MINOT, N.D. — North Dakota's lawmakers have sent to Gov. Doug Burgum legislation that will close the state's defined-benefit pension for public workers.
The pension, called the Public Employees Retirement System, or PERS, currently has roughly 53,000 current and retired employees in it, including about 60% who are in local governments. The legislation, which is expected to cost $4.94 billion over the next 30 years, will keep the pension in place for workers already in the system, while transitioning new workers to a defined-contribution plan of the sort that pretty much everyone except government workers has.
It's pretty clear that the current head of the pension hates this change. "At over $4 billion dollars difference, HB 1040 is about to be the most expensive mistake in the history of the state of North Dakota," PERS executive director Scott Miller told Bismarck Tribune reporter Jack Dura.
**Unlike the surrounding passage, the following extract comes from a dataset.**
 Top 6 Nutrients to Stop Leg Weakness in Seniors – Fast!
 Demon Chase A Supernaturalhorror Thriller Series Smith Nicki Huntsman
It's also pretty clear that Miller needs to be fired. It's one thing for him to have an opinion, but the Legislature sets pension policy. This reform was passed by majorities of the people's representatives, and Gov. Burgum is likely to sign it. In his December budget address to lawmakers he called for "a responsible plan to close the defined benefit plan for prospective hires as soon as possible, and shift to a defined contribution plan."
Miller isn't on the same page with the Legislature or the governor, and that means he can't hold the position he holds. This transition is going to take decades. Our state needs someone in Miller's position who supports the policy set by the legislature and, presumably, once he signs the bill, the governor.
I don't know Miller, and I don't begrudge him his opinion, but his job is to carry out the policy set for him, and it's not at all clear he's capable of doing that at this point. He has to go.
As for his comment about this bill being the "most expensive mistake in the history of the state of North Dakota," he's wrong. That mistake happened when our state created this defined-benefit pension in the first place.
These pensions are unsustainable. They guarantee benefits based on uncertain revenues. The rebuttal to that from supporters of the status quo is some variation of "the Legislature should have adequately funded the pension," and maybe so, but that's just another argument for transition.
Defined-benefit pensions rely on feckless politicians to eschew short-term politics in favor of a commitment to long-term fiscal stability. How often, in the history of government, has that happened?
Defined-benefit pensions inevitably need bailouts, whether it's because of market conditions, or economic downturns, or incompetent management from political leaders. The only way to keep these funds solvent is to pour more money into them, or diminish the value of the benefit to workers.
The mistake isn't making an admittedly large, and somewhat painful financial commitment to closing this pension. That's a sunk cost, unfortunately, that we're burdened with because a previous generation of North Dakota's political leaders made the mistake of starting it.